ABOUT THIS TASK →
From the entries below, print exactly the span beginning with the line holding "誕生日の鳥の子供の誕生日の招待状 招待状 (スタンド正面)" and ending with the line holding "몸관리하세요 겨울입니다 Healthy", endpoints included, and skip any pictures.

━━━ TASK MATERIAL ━━━

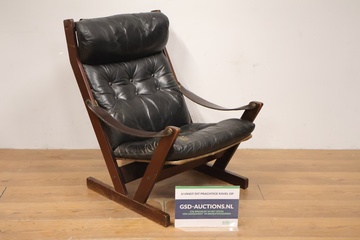 Afbeelding van Mid-Century Modern Nordic Leather Chair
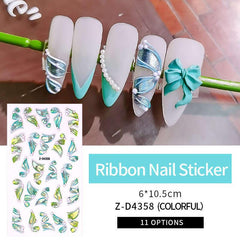 5D Relief Laser Streamer Nail Stickers DIY With Back Glue
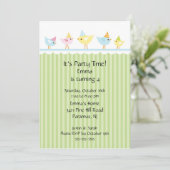 誕生日の鳥の子供の誕生日の招待状 招待状 (スタンド正面)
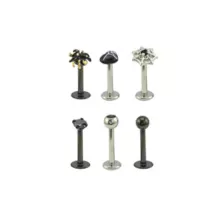 Multi-Pack Spider and Spider Web Titanium Labret Lip Rings 6 Pack - 16 Gauge at Spencer's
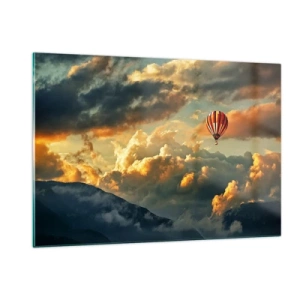 Obraz na szkle - Balon unoszący się nad górami wśród chmur przy zachodzie słońca - 120x80cm - Lecę, bo chcę - Nowoczesna dekoracja ścienna do salonu, kuchni i sypialni ARTTOR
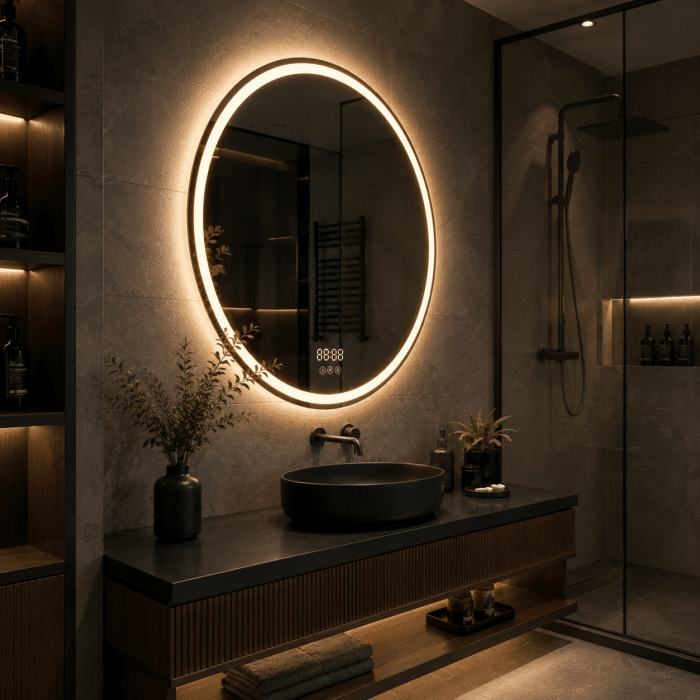 Oglinda LED 80x80 cm Rotunda, Senzor Miscare Premium pentru 3 Tipuri de Lumina, Dimabila, Ceas & Temperatura, Dezaburire - imagine 3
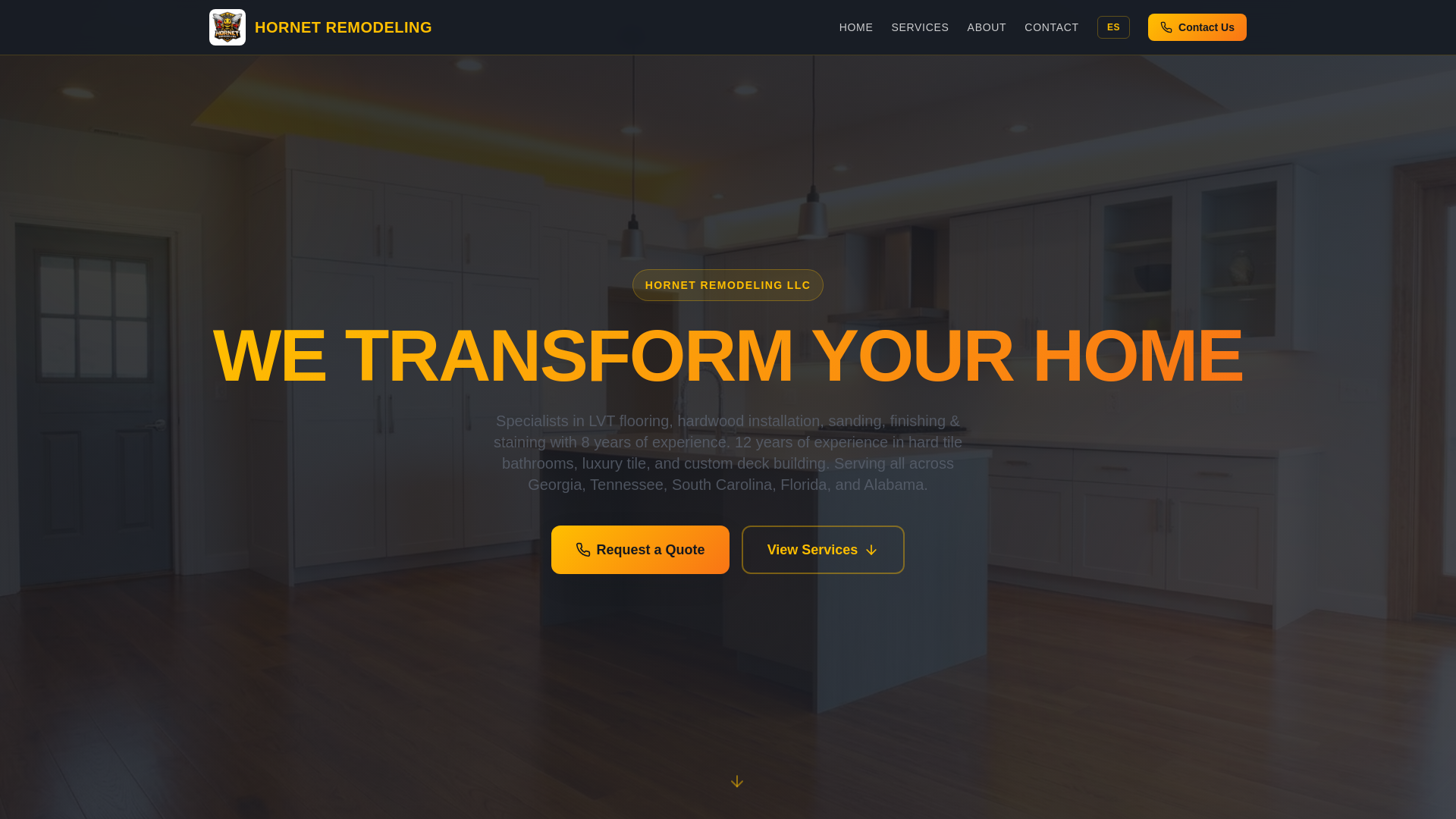 website screenshot of https://hornetremodelingllc.com/
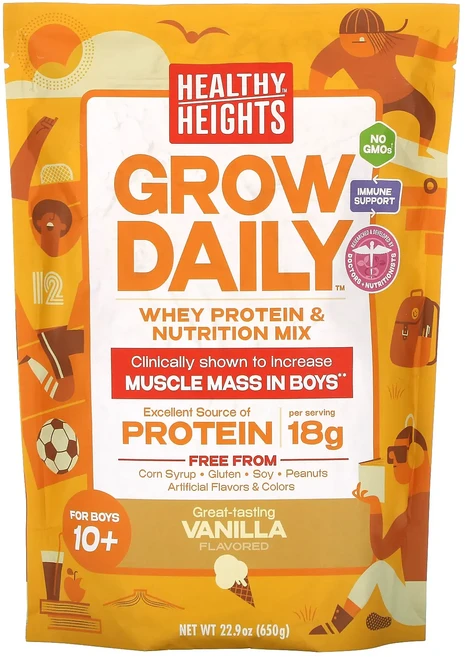 몸관리하세요 겨울입니다 Healthy Heights 그로우 데일리 유청 단백질 및 영양 믹스 만 10세 이상 남아용 바닐라맛 650g(22.9oz) 특별관리진행, HealthyHeights그로우데일리유청단백질및영양믹스, 650g, 1개 - 쿠팡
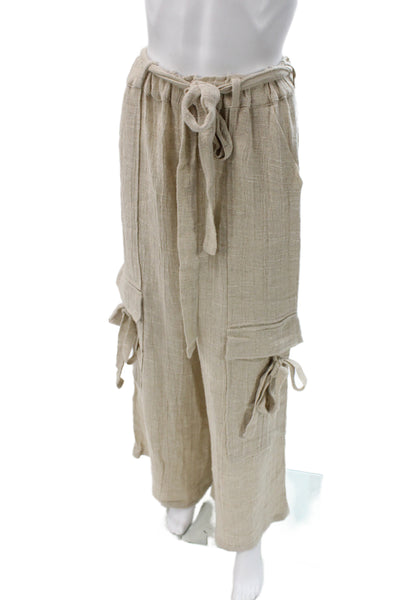 Christelle Nima Womens Bohemian Collared Long Sleeve Outfit Set Beige Size S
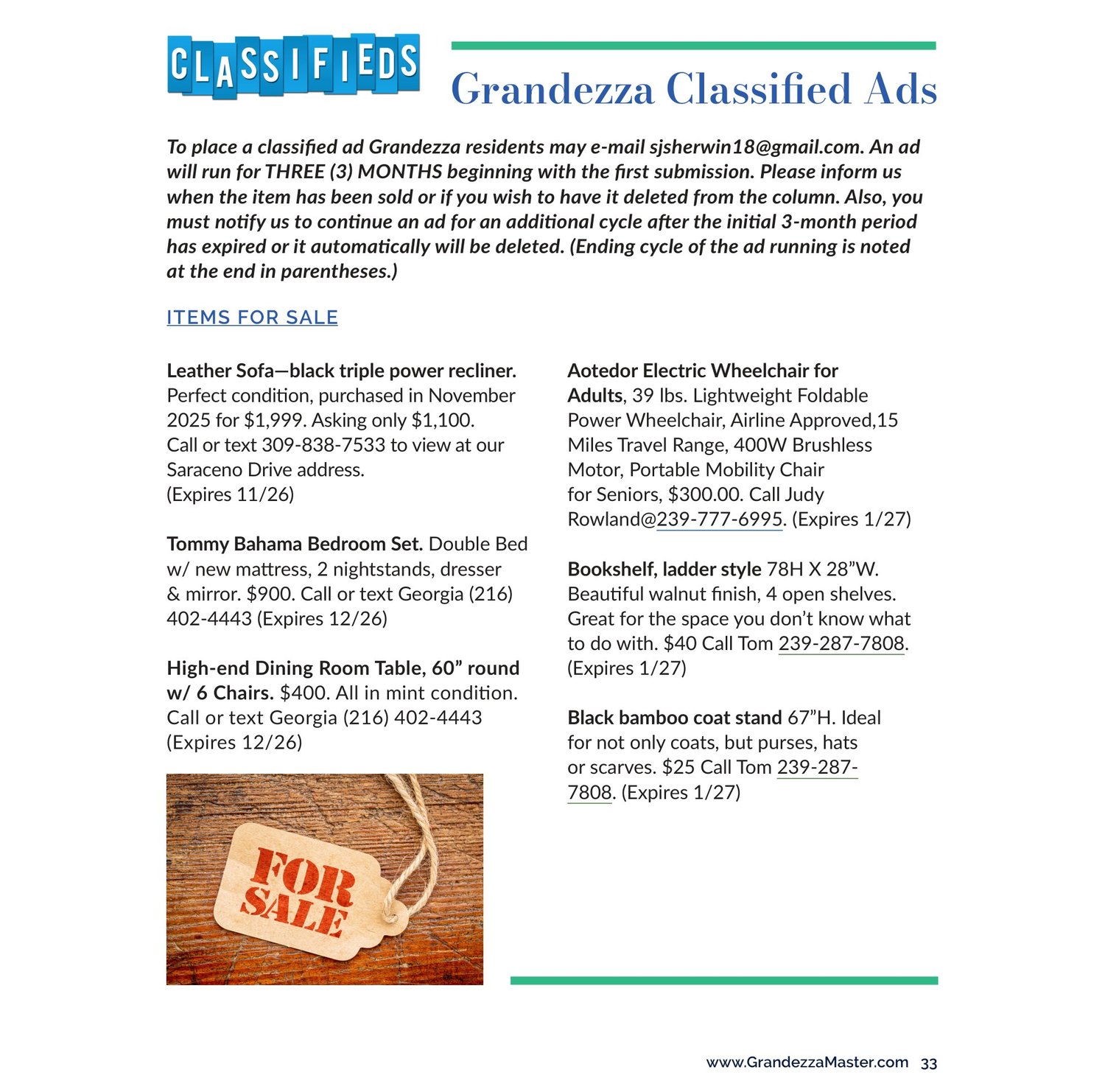 Grandezza classified ads page for October 2026 with items for sale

━━━

WRITTEN ANSWER →
 誕生日の鳥の子供の誕生日の招待状 招待状 (スタンド正面)
 Multi-Pack Spider and Spider Web Titanium Labret Lip Rings 6 Pack - 16 Gauge at Spencer's
 Obraz na szkle - Balon unoszący się nad górami wśród chmur przy zachodzie słońca - 120x80cm - Lecę, bo chcę - Nowoczesna dekoracja ścienna do salonu, kuchni i sypialni ARTTOR
 Oglinda LED 80x80 cm Rotunda, Senzor Miscare Premium pentru 3 Tipuri de Lumina, Dimabila, Ceas & Temperatura, Dezaburire - imagine 3
 website screenshot of https://hornetremodelingllc.com/
 몸관리하세요 겨울입니다 Healthy Heights 그로우 데일리 유청 단백질 및 영양 믹스 만 10세 이상 남아용 바닐라맛 650g(22.9oz) 특별관리진행, HealthyHeights그로우데일리유청단백질및영양믹스, 650g, 1개 - 쿠팡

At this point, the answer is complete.